#### [Listed records]
=-=-=-=-=
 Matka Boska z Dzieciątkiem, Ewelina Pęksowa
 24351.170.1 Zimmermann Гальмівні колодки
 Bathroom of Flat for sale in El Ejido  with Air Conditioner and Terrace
=-=-=-=-=
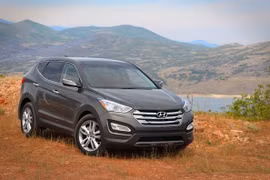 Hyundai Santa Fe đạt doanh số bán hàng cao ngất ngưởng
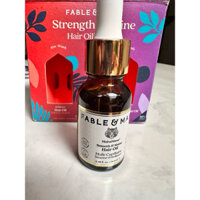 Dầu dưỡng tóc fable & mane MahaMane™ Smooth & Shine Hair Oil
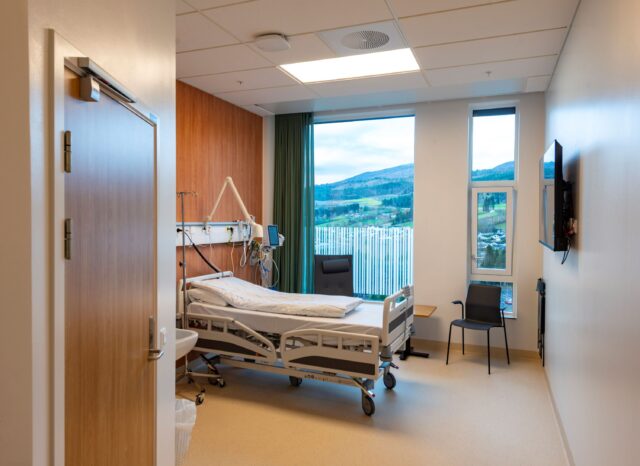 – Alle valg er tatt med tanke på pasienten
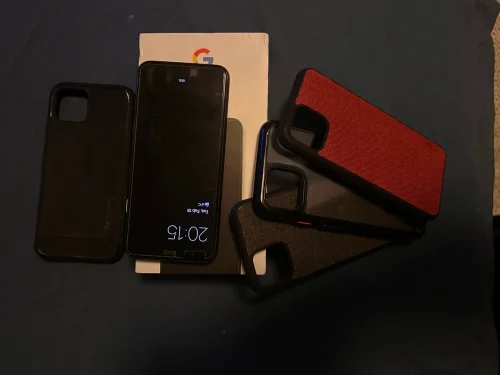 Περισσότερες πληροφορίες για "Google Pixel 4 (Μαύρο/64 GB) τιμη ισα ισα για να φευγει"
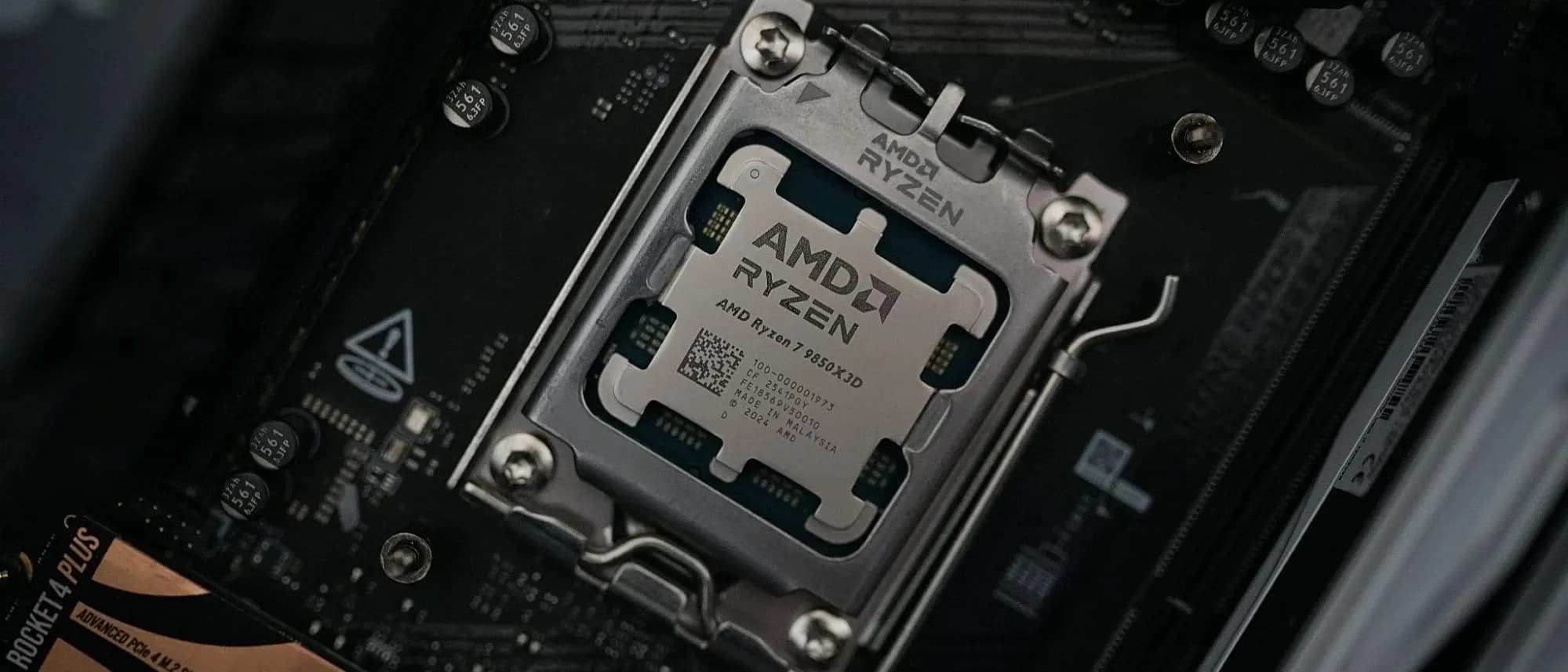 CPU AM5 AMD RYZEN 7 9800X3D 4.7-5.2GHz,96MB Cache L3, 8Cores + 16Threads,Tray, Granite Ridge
=-=-=-=-=
From the line containing "tanke på pasienten" through the line containing "CPU AM5 AMD", copy every line above exactly, without pictures.

 – Alle valg er tatt med tanke på pasienten
 Περισσότερες πληροφορίες για "Google Pixel 4 (Μαύρο/64 GB) τιμη ισα ισα για να φευγει"
 CPU AM5 AMD RYZEN 7 9800X3D 4.7-5.2GHz,96MB Cache L3, 8Cores + 16Threads,Tray, Granite Ridge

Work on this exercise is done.